The copy should hold only the line containing "that emo boy" and the lines after it through the end of the material, each exact, with no pictures.

— Supplied data —

===

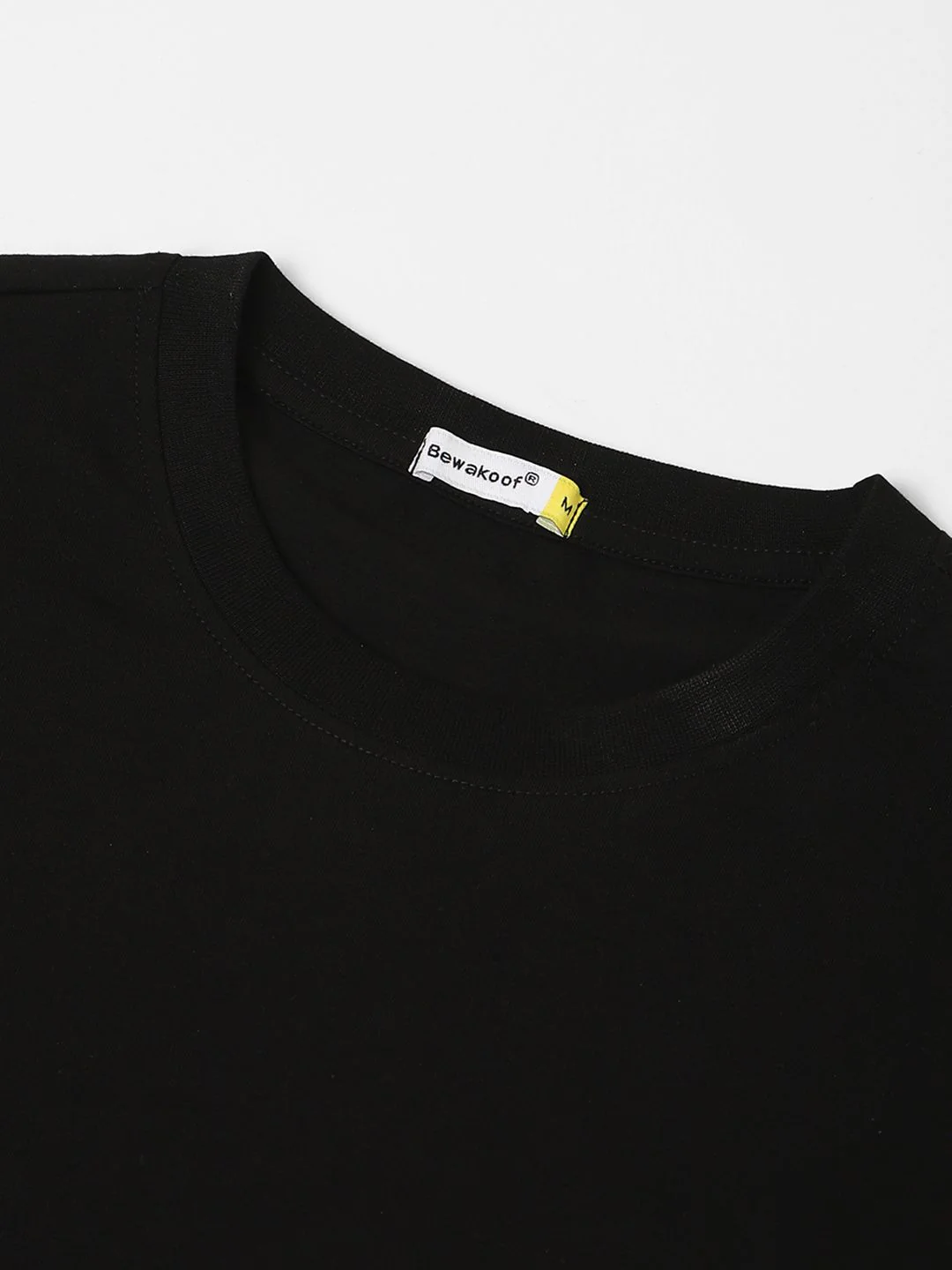 Bewakoof Men Black House Of The Dragon Iconic Graphic Back Pure Cotton Printed T-shirt - Image 2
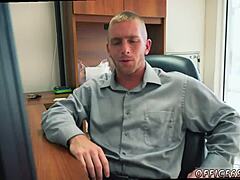 that emo boy getting pounded hard to please the boss 😏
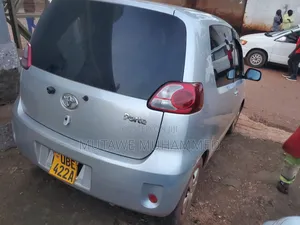 Toyota Porte 2010 Silver
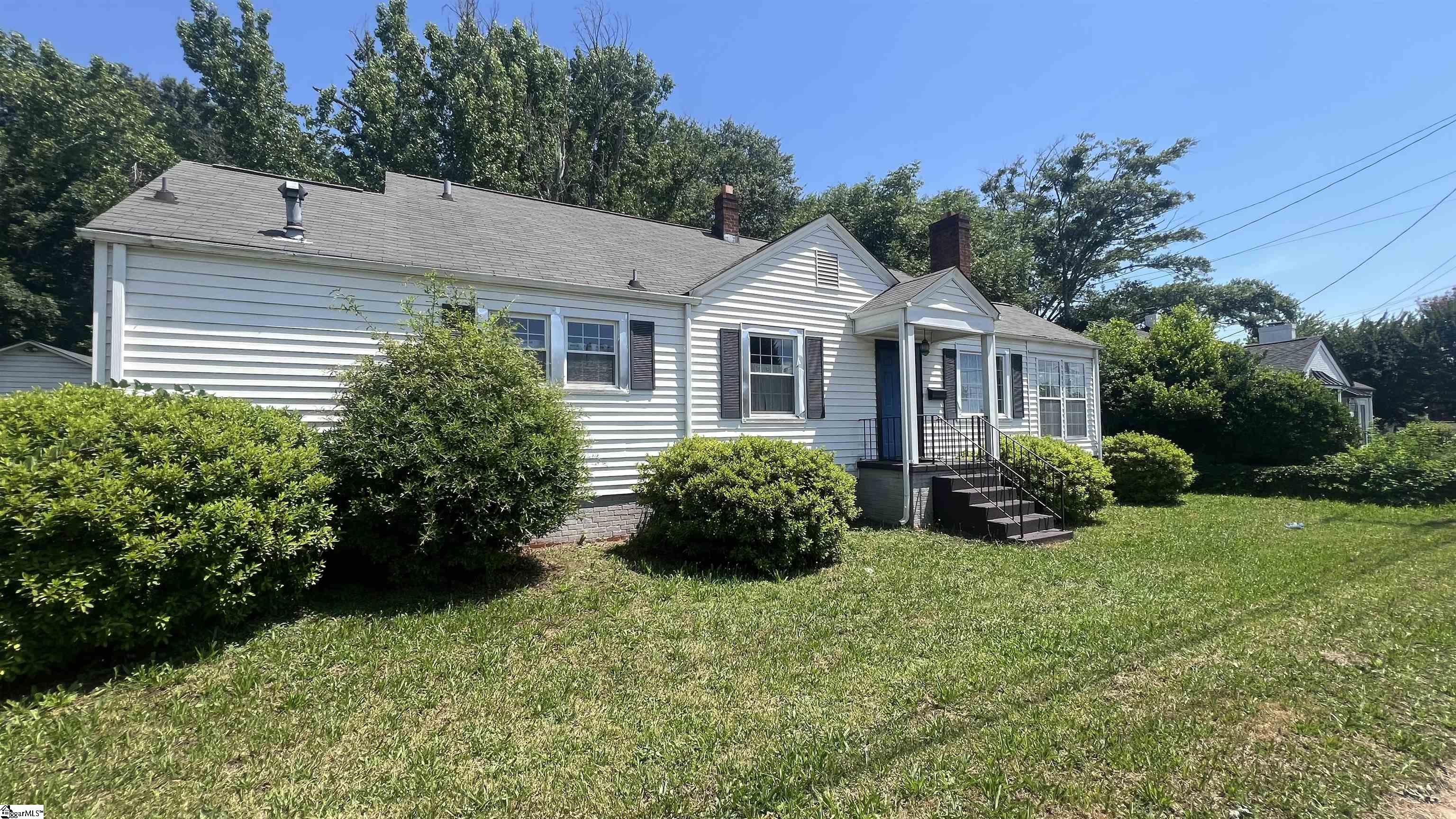 411 E Blue Ridge Drive Greenville, SC 29609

===

— The answer —
 that emo boy getting pounded hard to please the boss 😏
 Toyota Porte 2010 Silver
 411 E Blue Ridge Drive Greenville, SC 29609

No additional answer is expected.